T. Bedford and R. Cooke, Probabilistic Risk Analysis: Foundations and Methods (Cambridge University Press, 2001).

P. Hougaard, Analysis of Multivariate Survival Data (Springer, 2000).

R.S. Kenett, F. Ruggeri and F.W. Faltin (Eds), Analytic Methods in Systems and Software Testing (Wiley, 2018).

J.F. Lawless, Statistical Models and Methods for Lifetime Data (Wiley, 1982).

R.D. Leitch, Reliability Analysis for Engineers (Oxford University Press, 1995).

H.F. Martz and R.A. Waller, Bayesian Reliability Analysis (Wiley, 1982).
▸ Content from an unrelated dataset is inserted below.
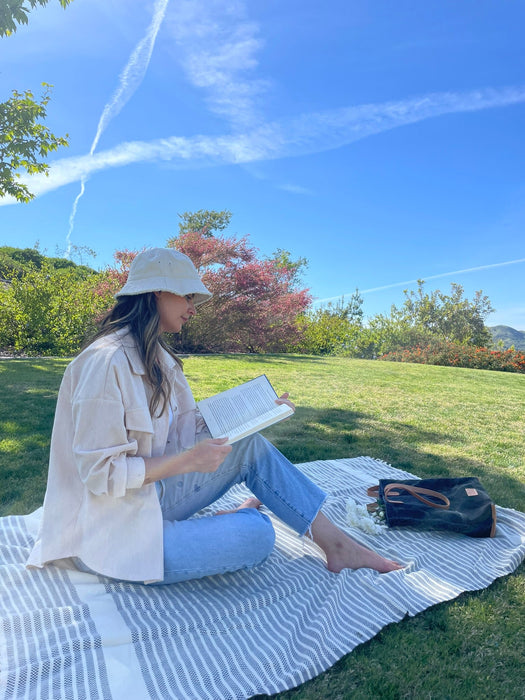 Peshtemal Towel Narrow Stripe Navy Blue - FineFamilyGoods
W.Q. Meeker and L.A. Escobar, Statistical Methods for Reliability Data (Wiley, 1998).

N.D. Singpurwalla and S.P. Wilson, Statistical Methods in Software Engineering: Reliability and Risk (Springer, 1999).

Leading international journals in this field include Reliability Engineering and System Safety, IEEE Transactions on Reliability, Journal of Risk and Reliability, Quality and Reliability Engineering International. Statistical methods for reliability data are presented in a wide variety of theoretical and applied Statistics journals, theory and methods for decision support are often published in the Operations Research literature.